Nonlinear quantum computation by amplified encodings
Matthias Deiml, Daniel Peterseim
TL;DR
This work develops a comprehensive quantum framework for high-dimensional nonlinear computation by encoding variables as amplitudes and employing block encodings to realize nonlinear operations. The authors introduce amplification techniques to preserve information efficiency and construct quantum variants of fixed-point iteration and Newton's method, deriving runtimes that are near-optimal in the tolerance parameter ε and can scale polylogarithmically with problem size in favorable cases. Key contributions include a modular set of encoding/operation tools, constructive encodings for multivariate polynomials and Jacobians, and a practical path to solving nonlinear systems on quantum hardware with demonstrated simulations and limited hardware experiments. The results suggest a potential quantum advantage for solving high-dimensional nonlinear problems, such as discretized nonlinear PDEs, while acknowledging substantial hardware and implementation challenges that remain to be overcome.
Abstract
This paper presents a novel framework for high-dimensional nonlinear quantum computation that exploits tensor products of amplified vector and matrix encodings to efficiently evaluate multivariate polynomials.
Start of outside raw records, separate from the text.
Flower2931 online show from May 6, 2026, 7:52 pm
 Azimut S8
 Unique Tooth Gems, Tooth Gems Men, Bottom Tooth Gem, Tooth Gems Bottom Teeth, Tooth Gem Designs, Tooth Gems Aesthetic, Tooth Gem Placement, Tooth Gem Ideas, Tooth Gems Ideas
The approach enables the solution of nonlinear equations by quantum implementations of the fixed-point iteration and Newton's method, with quantitative runtime bounds derived in terms of the error tolerance. These results show that a quantum advantage, characterized by a logarithmic scaling of complexity with the dimension of the problem, is preserved. While Newton's method attains near-optimal theoretical complexity, the fixed-point iteration may be better suited to near-term noisy hardware, as supported by our numerical experiments.